Category Archives: customer engagement

Customer Needs: One Size Does Not Fit All

Alec’s Shoes is one of New England’s most successful independent shoe stores, offering a great selection of athletic footwear, men’s and women’s casual and dress shoes, and a wide range of accessories.

But the store is known for much more than its inventory. In fact, it’s the exceptional customer service provided by the twenty-plus staff members that satisfies patrons and keeps them coming back time after time.

While this might seem like a simple approach, the store’s high level of customer service truly stands out. The floor reps are consultative, and focus on every aspect of how each pair of shoes will be used before making recommendations. They almost always offer each customer two to three choices, and customers who ask for size suggestions get both feet measured!

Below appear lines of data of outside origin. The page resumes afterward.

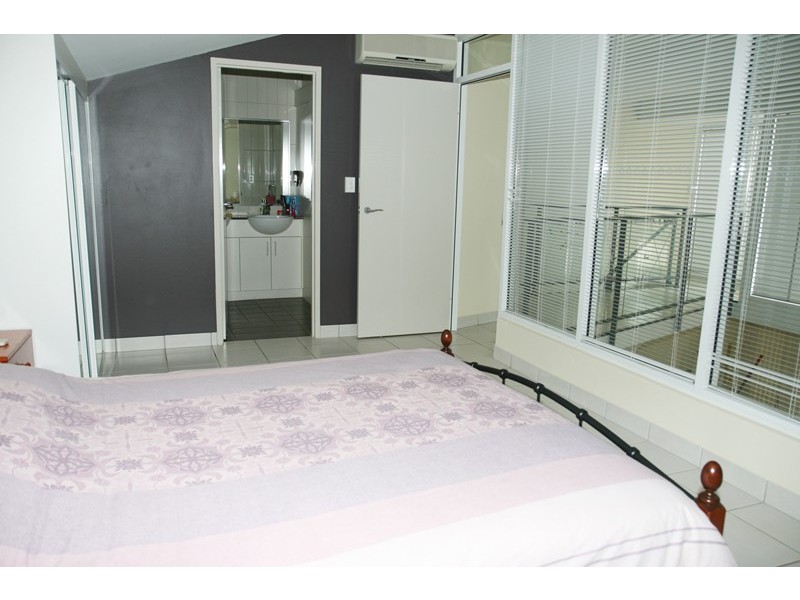 12/8 Dinah Court, Stuart Park NT 0820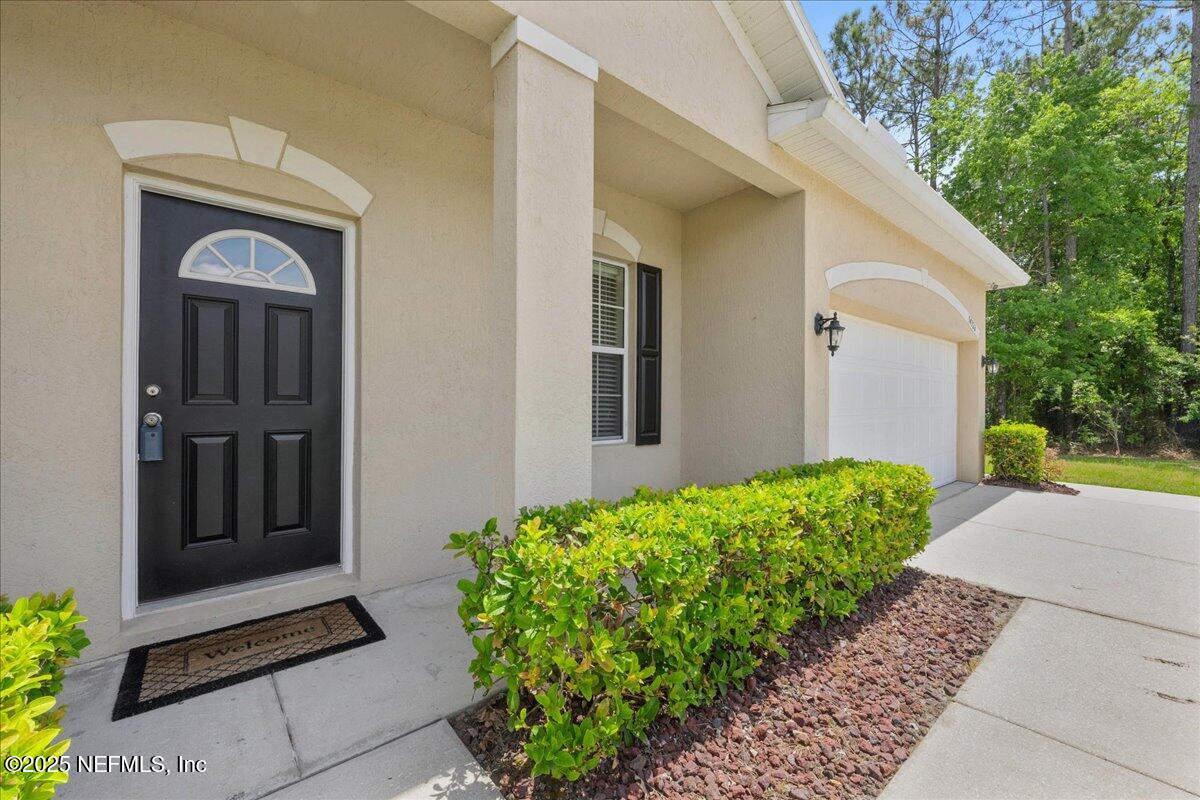 54326 Turning Leaf Drive Callahan, FL 32011 - Photo 5 of 43 04-JWLeeMedia-2504238355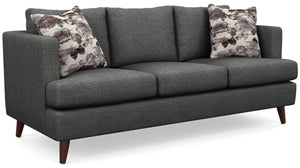 Essex Sofa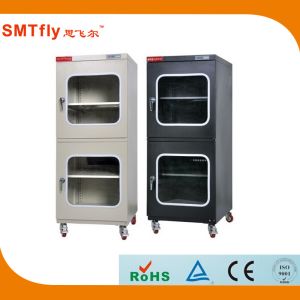 Quality 540L Capacity Industrial Dry Cabinet for PCB for sale
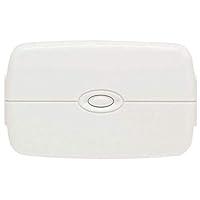 Algopix Similar Product 20 - GoControl ZWave Plugin Dimmer Module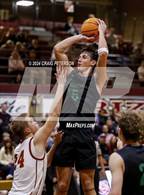 Photo from the gallery "Ridgeline @ Logan"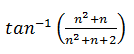 Maths-Inverse Trigonometric Functions-33649.png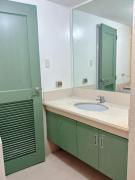 Apartment in Parañaque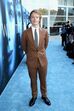 Alfie Allen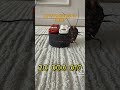 @Aslanshukasha и @FON.MUSICRU пиздамент во переговорах на кандалах. Актобе, @_ka_tsuki_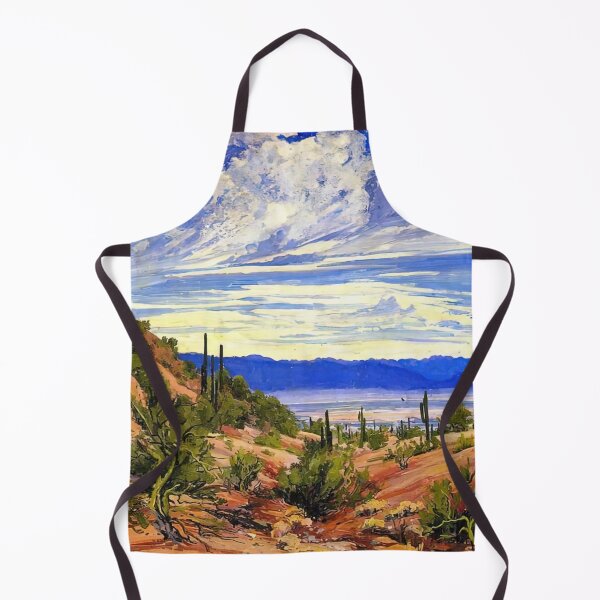 Item preview, WASHOE WICKIUP 1919 By Maynard Dixon designed and sold by erinkavanagh.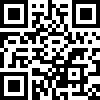 https://ar.abna24.com/x97vr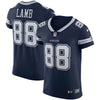 Nike CeeDee Lamb Dallas Cowboys Vapor Elite Jersey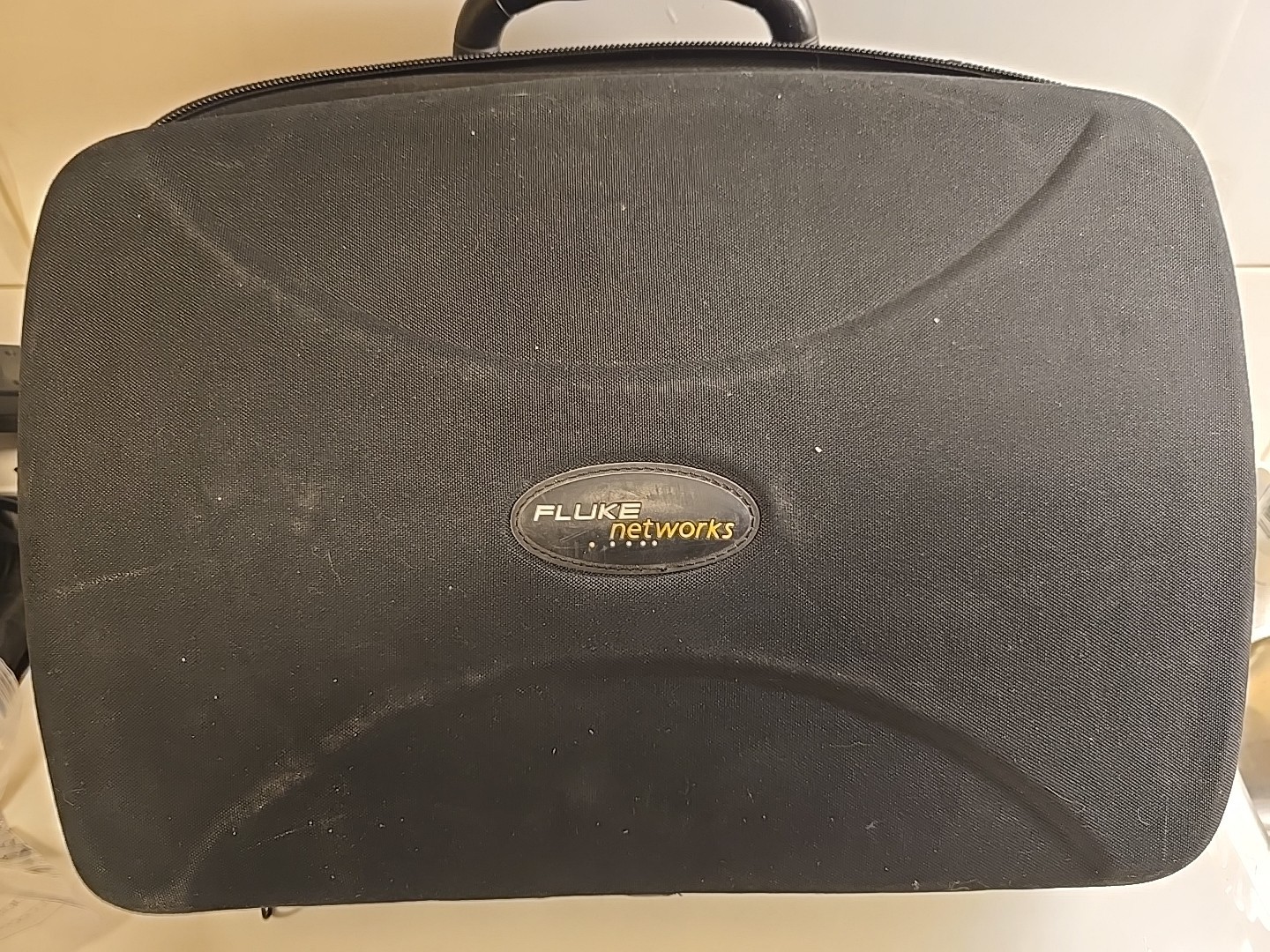 Fluke Networks DTX-1800 Smart Remote & Cableanalyzer FREE SHIPPING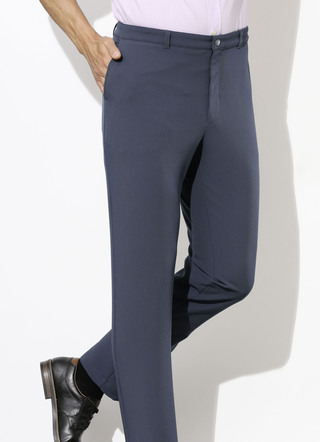 "Klaus Models" broek in 3 kleuren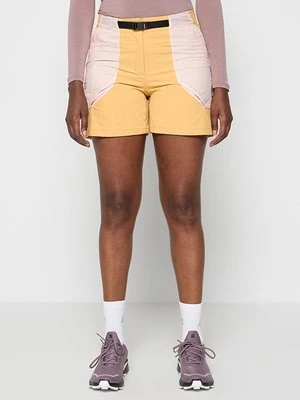 Szorty trekkingowe SCOTT Sports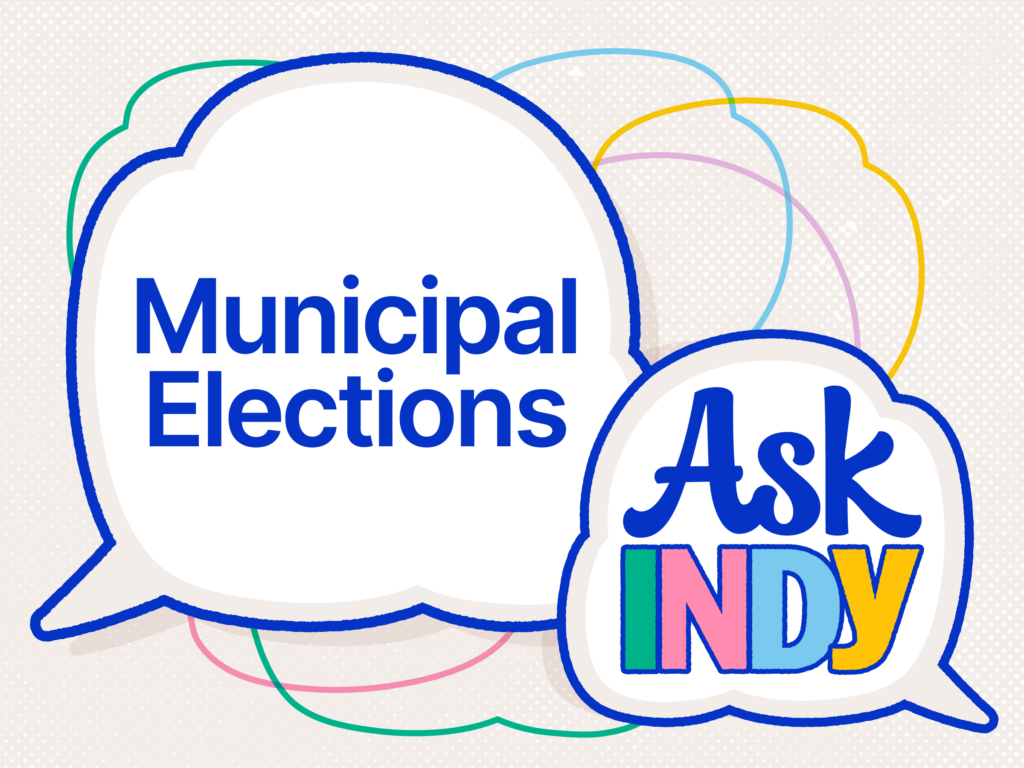 Can I Use My Expired ID to Vote?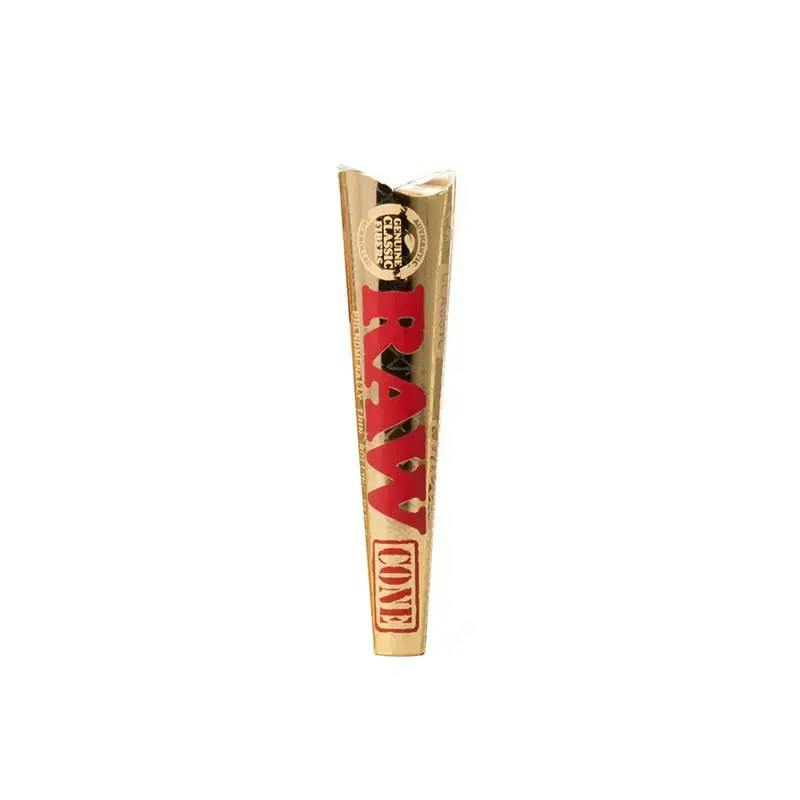 Classic Ethereal Cones (6 PK)
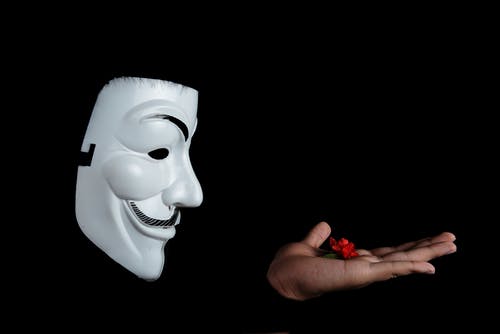 Detail Hacker Photos Download Nomer 14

“Statistically, nearly twenty percent of American adults wear shoes that are the wrong size,” store owner John Koutsos explained. “And lots of people have two feet of different sizes. By measuring each customer’s actual size, both in length and width, and by considering the variation in size between their left and right foot as well as their hosiery preferences, we’re able to give them the best possible fit for both comfort and performance.”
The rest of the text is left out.